Anora, 2024
Sean Baker
Estados Unidos
¿Por qué la elección?
La idea de la redención, si se mira desde el moralismo, o de la liberación, si la mirada es más desapercibida, es un tema recurrente en el cine, en los dramas televisivos y en la fuente de la cual emanan: los cuentos de hadas. De la pobreza, de la marginación, de la explotación, o de los malos hábitos, nos saca el amor, sobre todo si es el amor de un príncipe millonario.

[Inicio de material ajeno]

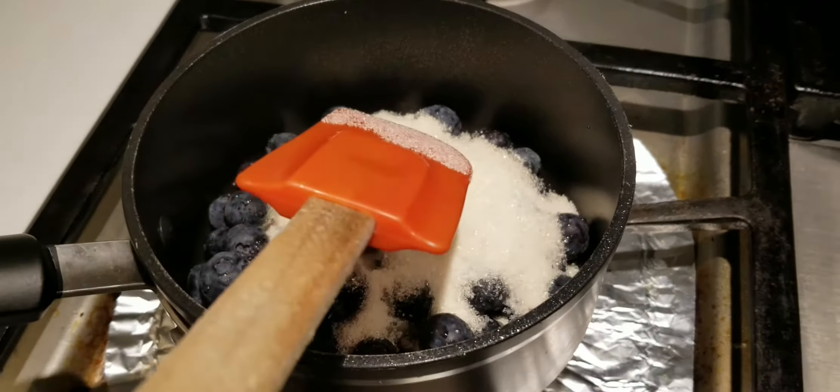It's ready to take off the fire. Now it is ready to cool.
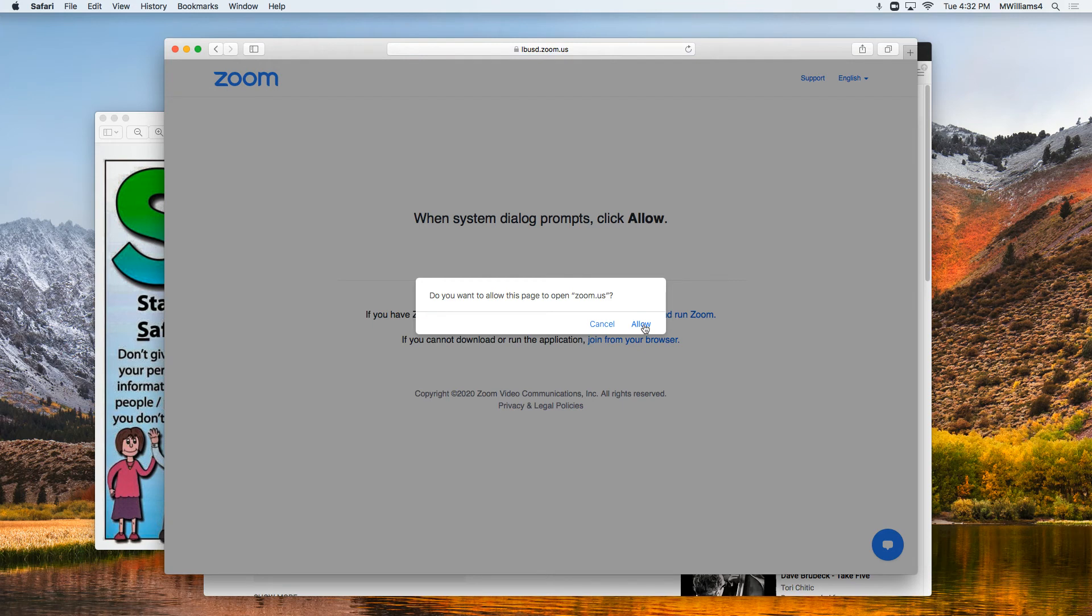This will ask if you'd like to open Zoom, usually in a different page. Click allow and you'll be on Zoom. Thank you so much!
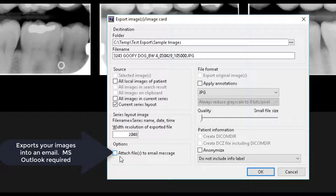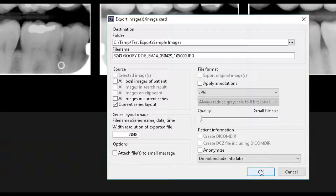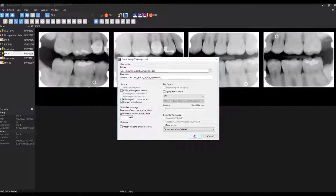After you have made your selections on the Export dialog, select OK to initiate the export.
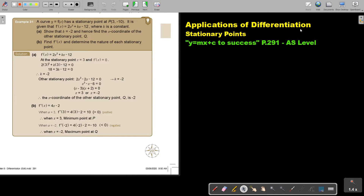Applications of differentiation. In this video we're still going to continue with stationary points. You will find this on page 291 in the Namibia AS level Mathematics textbook, y equals mx plus c to success.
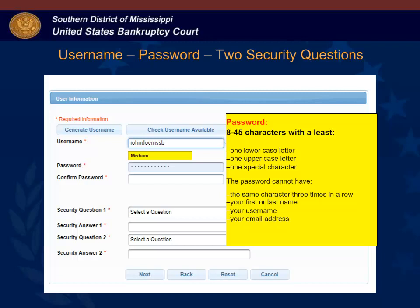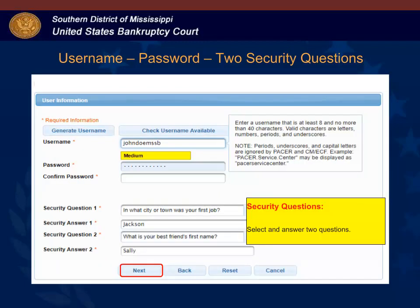In the password field enter a new password. The password must be between 8 and 45 characters and have at least one lower and uppercase letter and one special character. The password cannot include your first or last name, your PACER username, or email address. Nor can you have the same character three times in a row. After you confirm your password, select an answer to security questions. You should pick questions that are easy for you to answer but hard for someone else to guess. After you enter your answers, click next to continue.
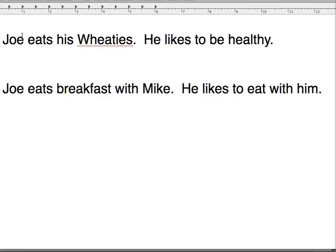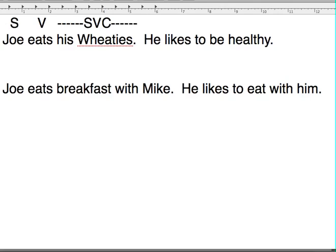Joe eats his Wheaties. Joe is the subject, eats is the verb, and his Wheaties is the SVC. So the pronoun 'his' — what is the referent for 'his'? It refers back to Joe. So Joe is the referent for 'his.'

Es en esta exacta tradición centenaria que se inscribe Anora, de Sean Baker. A Ani, trabajadora sexual de un club neoyorquino, le adjudican un cliente –¿un niño? – ruso, desobediente y millonario. A partir de ahí se despliega una especie de travesura desenfrenada en medio de la cual se instala fácilmente la idea de que con esa relación vendría para Ani la promesa de su redención/liberación. Pero claro, los recreos son solo diversión para quienes entran y salen de ellos a su antojo. Para Ani, al contrario, esta travesura envolvía mucho más, tenía la forma exacta de la salvación. Sin embargo, muy rápidamente el juego terminó, se produjo el castigo y con él una contundente humillación.
En la emblemática locación de Coney Island y con una actuación y una fotografía notables, Sean Baker reescribe con Anora los cuentos de hadas y lo hace en un momento en el que requerimos de una mirada entrenada para ver la irresponsabilidad y la ignominia que vienen de la mano de la masculinidad compulsiva y de la riqueza ilimitada. También para apreciar el lugar de la dignidad. Pero sobre todo, lo que hace Baker es mostrar –y acá el real calibre de la película– el lugar preciso, pequeño, al alcance de todos y plenamente humano de la esperanza.